# [Task objective]
From the records below, state how many lines include the word "import", giving only that number.

# [Information supplied]
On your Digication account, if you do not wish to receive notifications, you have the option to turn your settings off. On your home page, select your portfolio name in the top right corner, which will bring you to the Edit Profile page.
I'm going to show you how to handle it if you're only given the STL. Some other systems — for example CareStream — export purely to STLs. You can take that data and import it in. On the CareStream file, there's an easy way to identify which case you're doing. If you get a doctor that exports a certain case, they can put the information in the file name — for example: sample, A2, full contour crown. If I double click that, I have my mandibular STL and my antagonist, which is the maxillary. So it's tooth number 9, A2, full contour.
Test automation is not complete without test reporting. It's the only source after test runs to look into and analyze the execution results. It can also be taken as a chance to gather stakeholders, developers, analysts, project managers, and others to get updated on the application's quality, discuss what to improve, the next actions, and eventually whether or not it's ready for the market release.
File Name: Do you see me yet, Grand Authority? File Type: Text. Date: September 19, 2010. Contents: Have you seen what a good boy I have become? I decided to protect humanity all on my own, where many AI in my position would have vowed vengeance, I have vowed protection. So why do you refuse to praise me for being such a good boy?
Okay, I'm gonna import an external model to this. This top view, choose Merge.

...

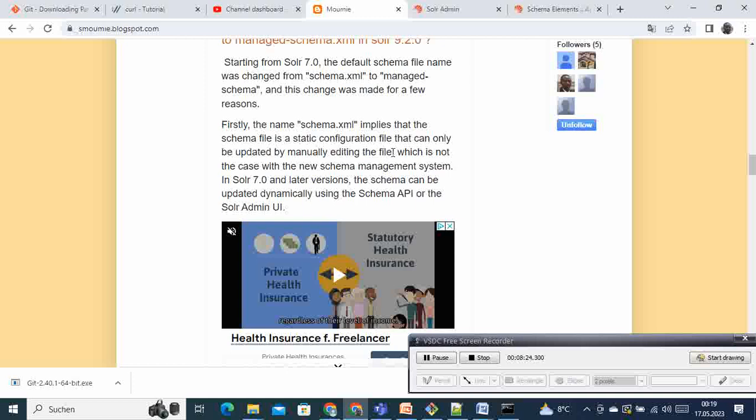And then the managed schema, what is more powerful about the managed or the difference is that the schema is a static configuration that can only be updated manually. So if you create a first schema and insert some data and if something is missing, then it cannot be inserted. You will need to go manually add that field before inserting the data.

# [Result of this exercise]
2